Saudis drängen auch in den Tennissport

Es brodelt hinter den Kulissen des Tennissports. Einerseits gibt es Gerüchte um ein milliardenschweres Angebot aus Saudi-Arabien zur Übernahme aller ATP- und WTA-1000er-Turniere, andererseits die Idee der vier Grand-Slam-Turniere, gemeinsam mit den 1000ern eine Premier-Tour zu veranstalten. Dadurch soll vermieden werden, was dem Golfsport mit dem Einstieg der Saudis mit der LIV-Tour passiert ist: eine Spaltung oder zumindest ein Riesenstreit.

Der saudische Staatsfonds Public Investment Fund (PIF), der seit Jahren aufsehenerregend u. a. in Fußball, die Formel 1 und Golf investiert, bietet einem Bericht der britischen Zeitung „Telegraph“ zufolge zwei Milliarden US-Dollar für die Masters-Turniere. Dabei handelt es sich um Events der zweithöchsten Kategorie hinter den vier Grand Slams, die bisher von ATP und WTA getrennt veranstaltet werden. Klar ist: Es wäre eine Konkurrenz für ein mögliches Premier-Tour-Modell, über das die vier Major-Veranstalter diskutiert haben.

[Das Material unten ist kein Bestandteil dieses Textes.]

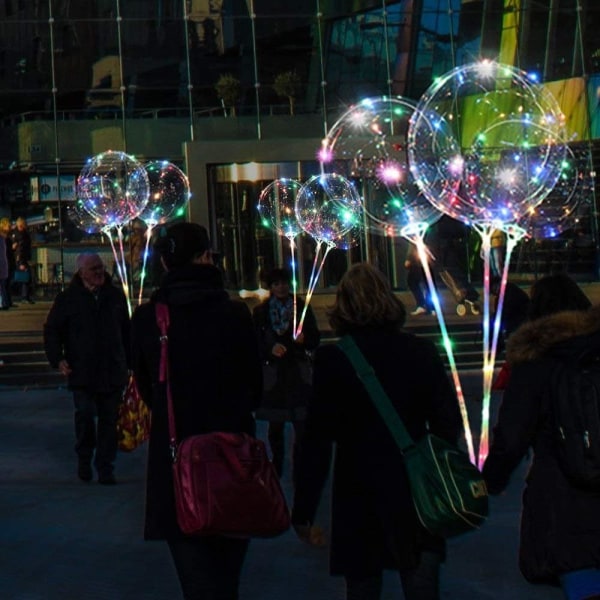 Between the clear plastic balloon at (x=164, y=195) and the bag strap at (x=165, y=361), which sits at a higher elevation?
the clear plastic balloon at (x=164, y=195)

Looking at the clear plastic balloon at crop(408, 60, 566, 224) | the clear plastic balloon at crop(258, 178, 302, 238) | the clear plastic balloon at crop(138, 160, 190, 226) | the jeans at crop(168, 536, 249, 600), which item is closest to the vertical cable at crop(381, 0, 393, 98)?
the clear plastic balloon at crop(258, 178, 302, 238)

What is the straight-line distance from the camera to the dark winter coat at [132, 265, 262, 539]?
457 centimetres

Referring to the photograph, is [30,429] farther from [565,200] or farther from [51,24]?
[51,24]

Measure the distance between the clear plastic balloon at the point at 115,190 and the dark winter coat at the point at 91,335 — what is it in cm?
632

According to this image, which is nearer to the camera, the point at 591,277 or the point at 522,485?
the point at 522,485

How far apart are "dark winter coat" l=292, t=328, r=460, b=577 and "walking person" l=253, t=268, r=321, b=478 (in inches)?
158

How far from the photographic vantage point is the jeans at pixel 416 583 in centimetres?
450

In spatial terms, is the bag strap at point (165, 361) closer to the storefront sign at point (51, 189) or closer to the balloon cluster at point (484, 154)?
the balloon cluster at point (484, 154)

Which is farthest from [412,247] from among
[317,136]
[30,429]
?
[30,429]

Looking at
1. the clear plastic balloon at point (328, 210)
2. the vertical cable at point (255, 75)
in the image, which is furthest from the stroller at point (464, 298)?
the vertical cable at point (255, 75)

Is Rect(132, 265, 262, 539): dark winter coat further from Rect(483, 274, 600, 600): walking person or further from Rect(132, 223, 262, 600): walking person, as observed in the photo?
Rect(483, 274, 600, 600): walking person

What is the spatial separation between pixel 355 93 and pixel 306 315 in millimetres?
17536

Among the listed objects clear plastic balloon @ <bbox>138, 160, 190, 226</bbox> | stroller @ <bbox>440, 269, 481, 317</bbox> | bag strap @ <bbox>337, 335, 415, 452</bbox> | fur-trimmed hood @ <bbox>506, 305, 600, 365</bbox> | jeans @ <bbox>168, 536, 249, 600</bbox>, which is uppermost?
clear plastic balloon @ <bbox>138, 160, 190, 226</bbox>

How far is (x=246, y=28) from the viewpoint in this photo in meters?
26.1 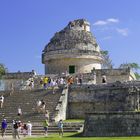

Der ohnehin längst schwelende Machtkampf der unterschiedlichen Tennisorganisatoren droht mit dem Megaangebot zu eskalieren. Ein Zusammenschluss von ATP und WTA war schon im Vorjahr ein Thema – damals laut „Telegraph“ allerdings mit der Prämisse, eine mögliche eigene Turnierserie durch das Königreich wie im Golf zu verhindern.

Laut Straka nur Angebot für Masters-Turnier

Österreichs ATP-Langzeitfunktionär Herwig Straka zerstreute im Gespräch mit der APA am Dienstag zumindest einiges davon. Die kolportierte Zahl sei „falsch“, mehr könne er dazu aber nicht sagen, um Vertraulichkeiten nicht zu verletzen. Von Saudi-Arabien gebe es ein Angebot für ein zehntes Masters-Turnier im Jänner. Die Aufstockung auf zehn 1000er-Events ist schon länger Thema in der ATP. „Wenn es ein zehntes Tausender gibt, dann werden wir dazu eine Ausschreibung machen“, sagte Straka.

Herwig Straka
GEPA/Walter Luger
ATP-Funktionär Herwig Straka befürchtet im Tennis keine Spaltung wie im Golf

Dass Saudi-Arabien aber in den Tennissport drängt, ist schon lange kein Geheimnis mehr, und die ATP steht dem offen gegenüber – wie diverse Partnerschaften zeigen. Das von Menschenrechtsorganisationen stark kritisierte Saudi-Arabien von vorneherein auszuschließen war für die ATP kein Thema. „Weil wir der Meinung sind, dass man durch Sport auch die Welt verändern kann. Dass man nicht nur darüber redet und es als ‚Sportswashing‘ beschreibt, sondern wirklich was tut“, so Straka. Sämtliche anderen kolportierten Summen seien Spekulation.

Saudis gewinnen an mehreren Fronten an Einfluss

Aktuell steigert Saudi-Arabien jedenfalls seinen Einfluss in den bestehenden Strukturen – und das sehr erfolgreich. Spaniens Superstar Rafael Nadal wurde als Tennisbotschafter des Landes gewonnen. Seit Februar besteht zudem eine mehrjährige strategische Partnerschaft mit der ATP, der PIF taucht unter anderem als Namenssponsor der Weltrangliste und als offizieller Partner bei großen Turnieren wie dem aktuell stattfindenden Masters in Miami auf.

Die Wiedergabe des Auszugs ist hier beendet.